Just finished 'Saturday' by Ian McEwan. It was a book given to me by a friend-of-a-friend because I joined a Whatsapp group where everyone gets randomly assigned someone else to send a book to, and I got this.

...It's really not my sort of book. At all. I think maybe 25% (at best 33%?) of it actually contained something that I would call worthwhile. It's critically-acclaimed, so after finishing it I went onto the book's wiki page to find out why, and found a lot of talk about the 'themes' etc. in the book. Fuck themes - I don't want to have to wait until page 80 of a 279 page book for anything resembling drama/threat/the main character facing a choice/anything compelling to happen. I don't want to read through six pages of what random cases this guy (a neurosurgeon) dealt with at the hospital in the prior week in the driest matter-of-fact prose without any obvious purpose. I don't want four pages in the middle of the book providing a detailed account of him going out to buy some fish. I don't want to be thinking "WHY SHOULD I CARE?" over and over again as I'm reading.

This is one of those times where I wonder if I'm just uncultured, but whatever. 

Edit: Since at least some people who actually write reviews on Goodreads appear to agree with me, below is the first few paragraphs of someone else's review that I might have written if I were better at this.

Spoiler

Short version: GOD IT WAS BORING.

Long version: You know the anecdote that a successful novelist could publish his shopping list and people would buy it? That's the case with Saturday. A chronicle of 24 hours from the life of neurosurgeon Henry Perowne, the novel is full of his ruminations, reminiscences, all described in painful, tedious detail. McEwan fails to build an actual plot; instead you'll be sure to hear every single event, no matter how irrelevant and drawn out (there's an 18 page description of a squash game that's boring to death!). If you liked Remembrance of Things Past this book might appeal to you; Henry takes 60 pages to get out of the sheets.

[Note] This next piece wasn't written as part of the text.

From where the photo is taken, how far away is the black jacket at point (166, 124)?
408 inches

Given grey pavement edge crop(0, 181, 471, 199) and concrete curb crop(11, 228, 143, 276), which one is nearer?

The characters are all disgustingly one-dimensional; starting with Henry Perowne, the most gifted brain surgeon of his generation who plays squash and owns an awesome ride, Mercedes of course; his wife, Rosalind, the beautiful lawyer who seems to possess no negative attributes whatsoever; the hipster son, a handsome, talented blues musician; beautiful daughter who's a published poet; Henry's father who bears the incredibly pretentious surname of "Grammaticus" (he's a poet too, of course) and Henry's mom, an acclaimed swimmer (she's the most likable character in the book - maybe because she's suffering from dementia).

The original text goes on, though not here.